I know people who seem – for some reason beyond comprehension – to believe that if they do not work every single weekday of their PhD life they are doing it wrong. I think we’ve had a lengthy conversation about work schedules already (see here and here), so please believe me when I say that if Real Life interferes for a week or two, just let it. Go deal with your RL issue and then get back to your PhD when you’re in the right frame of mind. A couple of weeks are not going to break you (or your thesis). And if it happens right before a deadline, immediately have a conversation with the people who set the deadline about changing it/moving it. Everyone in academia understands that there can be things that will interrupt research, but unless you are open about it, people are going to assume everything is fine.

If the break needs to be longer (for instance, if you were diagnosed with an illness that needed treatment or surgery), then be very upfront about this with your advisors. Talk to people. Tell them what is happening, what the expected outcome is, how long it might last. It is probably best to take either sick leave (if that’s an option for you) or a sabbatical (which will be an option if you’ve never taken one before). If you are a foreign student in a country, then you need to think about visa issues. Likely, you’ll have to return home because many countries don’t want you to stay if you aren’t a full-time current student, and sabbaticals mean you aren’t technically a student – but taking a break from being a student. Keep this in mind, but if this is the only reason you can’t take a sabbatical, you probably need to access how much time you are going to be away from your PhD. A couple of weeks is fine, a couple of months is going to be problematic. But don’t let that stop you taking the time. For whatever reason you need it.

I know people who have had to take time away, and they worry about ‘getting back to it’. If you are passionate enough to want to do a PhD, you’ll find that passion again, even after a time away. And, in fact, time away may actually help. As I’ve said, I took a short sabbatical from my own work, and it’s the only reason I was able to come back and finish the thesis. I needed that break for mental health reasons.

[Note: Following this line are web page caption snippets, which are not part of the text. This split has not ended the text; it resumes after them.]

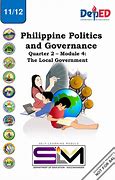 Image result for Local Government Unit Philippine Logo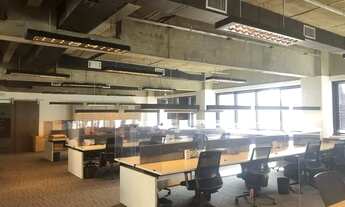 Imagem 4: Conjunto, 600 m² - venda por R$ 9.300.000,00 ou aluguel por R$ 87.115,95/mês - Faria Lima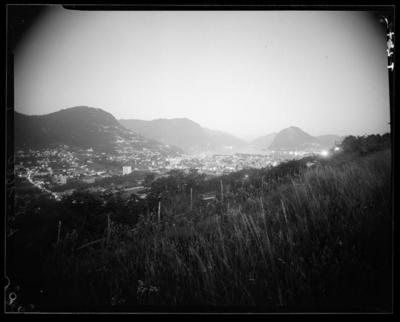Lugano da Porza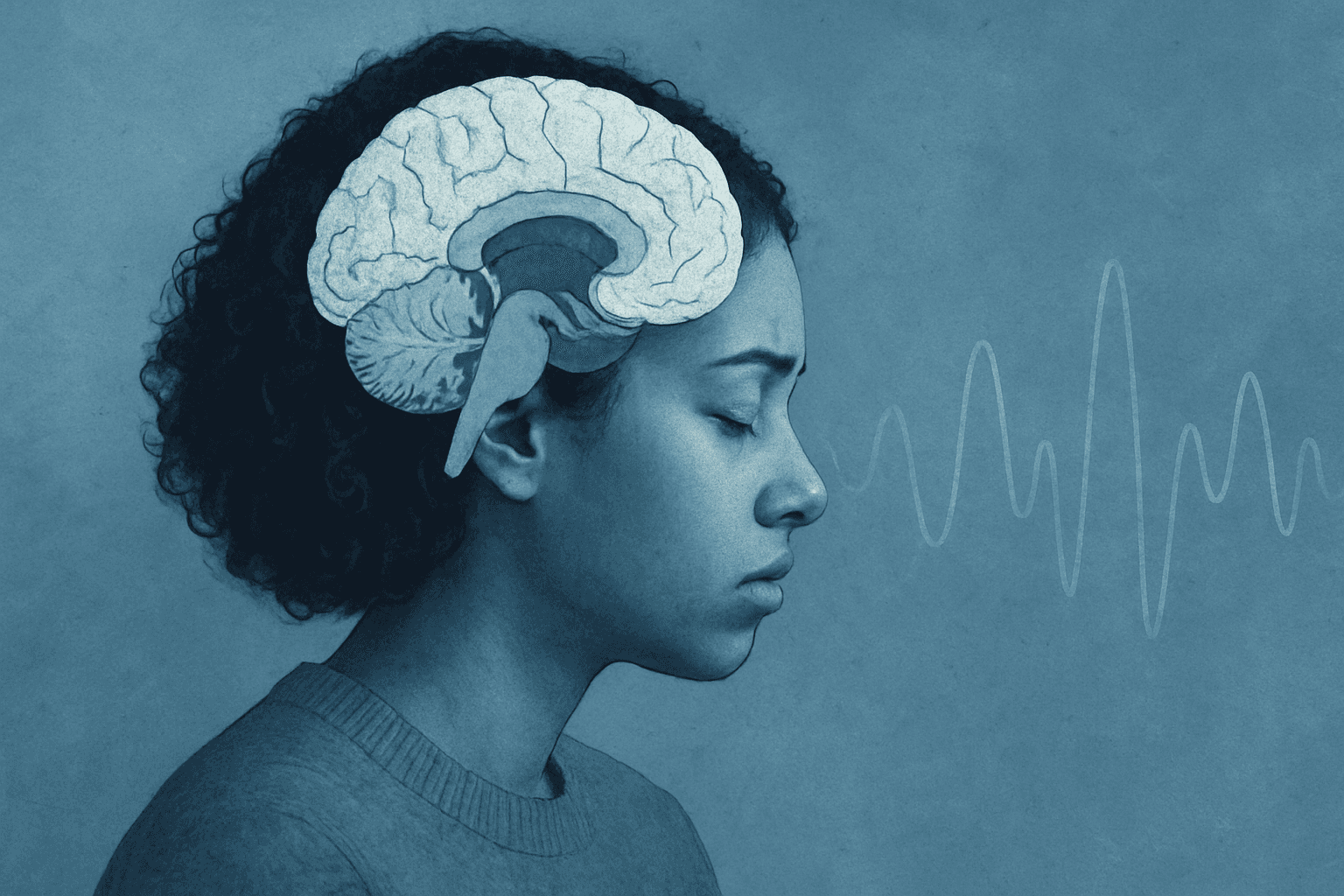 Language anxiety: the limbic-system science behind 'I freeze when I have to speak'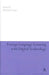Foreign-Language Learning with Digital Technology by Michael Evans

But whatever part of RL that interferes with your PhD, it’s all right. It happens. You aren’t a failure. You aren’t bad at this. You aren’t a sorry excuse for a PhD student. RL happens. We like to think it doesn’t, because we like to think that academia is RL for us, but being a student puts you slightly outside of the norm, and things do interfere with being a student in a different way than they would if – for instance – you were full-time employed as a professor. Then you can take grievance absences, sick days, sabbaticals, and it’s sanctioned. As PhDs, you fall somewhere outside this spectrum, and you have to realise that although that doesn’t mean you aren’t entitled to the same sort of thing, you might have to come about it in a different way (take a break from your PhD, instead of a sabbatical, for example).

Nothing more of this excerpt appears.